• Information shown
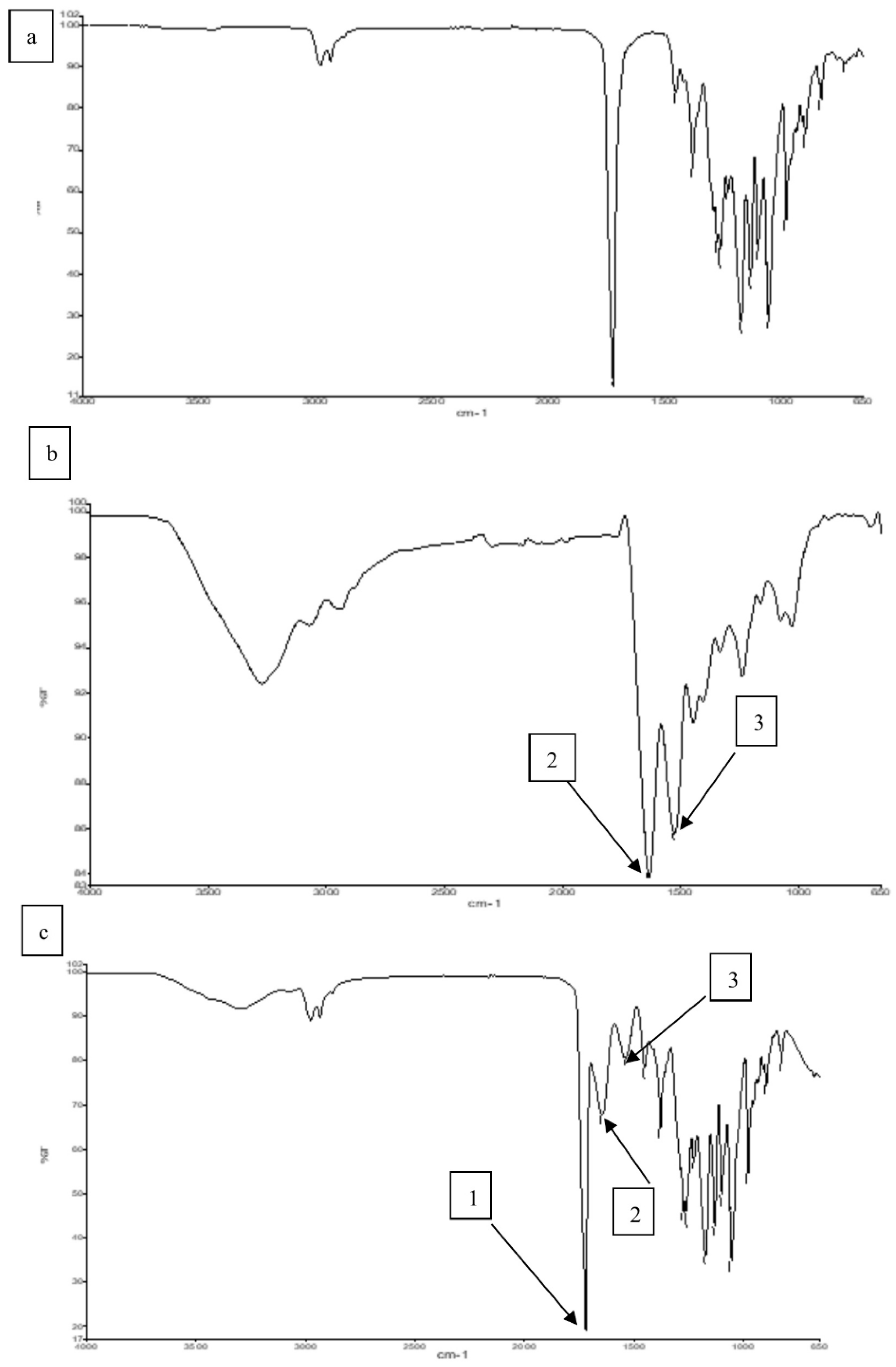 Polymers 14 01710 g003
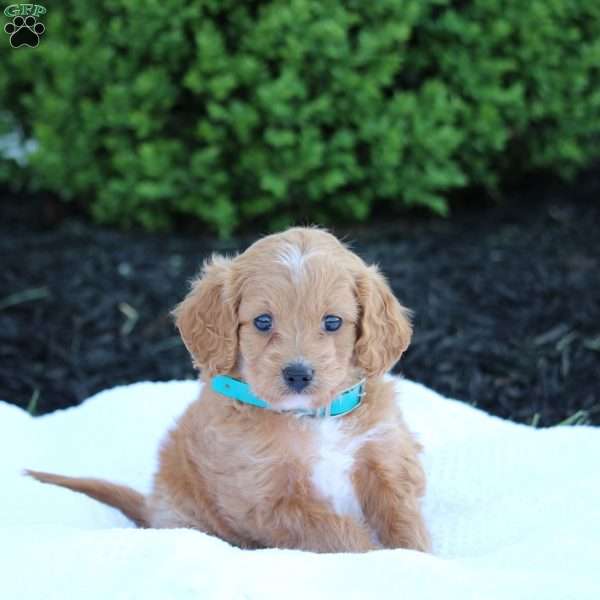 Jacoby, Forever Puppy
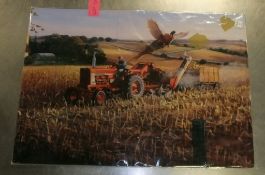 Tin Sign 700 x 500 - Farmall Tractor
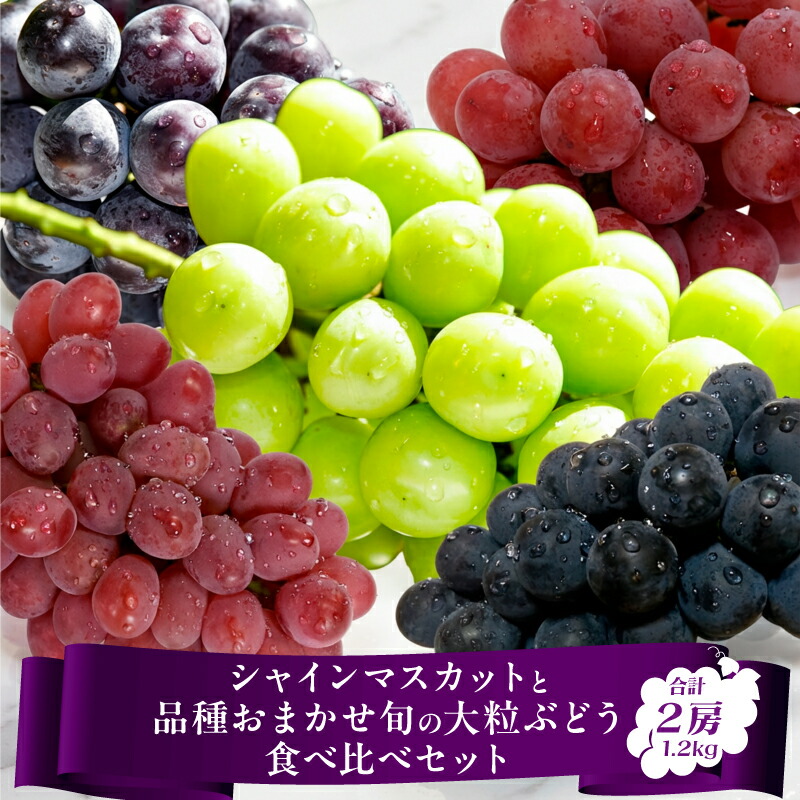 【ふるさと納税】【先行予約】令和8年産 シャインマスカット と 品種おまかせ ぶどう 食べ比べセット 計1.2kg以上（2房） 2026年産 山形県産 【2026年9月上旬頃～10月中旬頃発送予定】※配送不可 沖縄・離島 果物 ぶどう 葡萄 フルーツ ブドウ 詰め合わせ 産地直送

• What the task asks
Reproduce the whole listing above word for word, dropping each image.

• Exercise response
 Polymers 14 01710 g003
 Jacoby, Forever Puppy
 Tin Sign 700 x 500 - Farmall Tractor
 【ふるさと納税】【先行予約】令和8年産 シャインマスカット と 品種おまかせ ぶどう 食べ比べセット 計1.2kg以上（2房） 2026年産 山形県産 【2026年9月上旬頃～10月中旬頃発送予定】※配送不可 沖縄・離島 果物 ぶどう 葡萄 フルーツ ブドウ 詰め合わせ 産地直送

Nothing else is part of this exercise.